Haydarpaşa British Cemetery, which was allocated to Great Britain by the Ottoman Empire for the soldiers who died in the Crimean War, stands out with its central location and magnificent monument. One of the first modern monuments, Crimean War Memorial sent by the order of Queen Victoria, has been preserved up until today. Unlike the other monuments of Tanzimat, it was erected for foreign soldiers. It is important that the Ottoman State agreed to place this monument in the public sphere in a period when the Empire headed towards modernization and became part of European family but at the same time was cautious against the erection of monuments having a symbolic aim instead of a practical function. Alongside the soldiers who fought against Russia with the Ottomans during the Crimean War, Haydarpaşa British Cemetery, a Commonwealth property, has also been a final resting place for the soldiers including Muslims who fought for the Great Britain against the Ottomans during the First World War. Given such conditions, the cemetery appears to be a scene for clash of memories and a space symbolizing various identities and belongings of both alliances and opponents in different fronts. In this study, Haydarpaşa British Cemetery’s contribution to collective memory is argued around these historical and spatial peculiarities.

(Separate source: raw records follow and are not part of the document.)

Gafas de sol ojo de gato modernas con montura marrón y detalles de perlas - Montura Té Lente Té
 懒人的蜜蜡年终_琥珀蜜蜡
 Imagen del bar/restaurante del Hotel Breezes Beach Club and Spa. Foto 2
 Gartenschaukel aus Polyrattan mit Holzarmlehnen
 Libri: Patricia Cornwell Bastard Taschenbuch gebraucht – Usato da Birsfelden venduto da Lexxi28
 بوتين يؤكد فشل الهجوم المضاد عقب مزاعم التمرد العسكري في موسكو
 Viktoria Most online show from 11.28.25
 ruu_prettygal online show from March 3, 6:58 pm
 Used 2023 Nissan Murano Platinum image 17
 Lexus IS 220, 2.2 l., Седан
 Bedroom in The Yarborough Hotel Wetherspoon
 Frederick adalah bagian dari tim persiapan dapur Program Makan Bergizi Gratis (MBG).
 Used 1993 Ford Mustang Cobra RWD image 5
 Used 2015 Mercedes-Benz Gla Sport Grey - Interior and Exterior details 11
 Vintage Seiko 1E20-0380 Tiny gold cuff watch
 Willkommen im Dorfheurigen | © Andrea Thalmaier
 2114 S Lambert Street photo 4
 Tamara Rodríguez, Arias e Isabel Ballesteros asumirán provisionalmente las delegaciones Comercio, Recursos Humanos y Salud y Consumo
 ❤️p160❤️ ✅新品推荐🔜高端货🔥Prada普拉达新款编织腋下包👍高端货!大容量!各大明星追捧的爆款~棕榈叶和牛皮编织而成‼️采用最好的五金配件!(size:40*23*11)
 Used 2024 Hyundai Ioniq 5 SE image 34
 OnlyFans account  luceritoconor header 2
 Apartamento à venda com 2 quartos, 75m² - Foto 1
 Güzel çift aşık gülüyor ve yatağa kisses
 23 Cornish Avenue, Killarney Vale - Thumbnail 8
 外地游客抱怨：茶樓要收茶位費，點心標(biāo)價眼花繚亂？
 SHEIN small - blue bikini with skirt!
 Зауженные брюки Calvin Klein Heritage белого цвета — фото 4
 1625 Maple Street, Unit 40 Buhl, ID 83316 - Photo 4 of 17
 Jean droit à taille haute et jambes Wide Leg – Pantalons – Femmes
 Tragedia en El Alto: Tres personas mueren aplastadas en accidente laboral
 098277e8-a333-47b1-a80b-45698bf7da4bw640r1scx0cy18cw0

The article utilizes archive and source scanning methods and in the first part it aims to examine how collective memories are created and practiced through military cemeteries. The military cemeteries emerge as symbolic spaces that establish social memory. They are designed to tell stories of chosen heroes and are associated with patriotism and sacredness. Commemorations and visits to cemeteries play a key role in keeping the collective memory alive. Indeed, the historical and social conditions that shape the design of military cemeteries also leave traces in the collective memory. Haydarpaşa British Cemetery also appears as a unique place where various traces of collective memory such as myths, symbols and rituals which are the products of different historical and social conditions intersect with each other.
The third part analyzes the outstanding aspects of the Crimean War Monument. Different from other memorial projects of Tanzimat, it denotes a foreign power but not the Ottoman government. Besides, columns and sculptures as the components of the monument are alien to the Ottoman world and laden with symbolic meanings rather than a practical function. The Christian cross which was originally present at its inauguration in Crystal Palace was removed in its current place. Also, it is important to note that a special attention was given to local sensitivities by the Ottoman government during its placement and the construction of the cemetery. However, although the cemetery is disguised by its surroundings today, the monument still stands out with its huge obelisk.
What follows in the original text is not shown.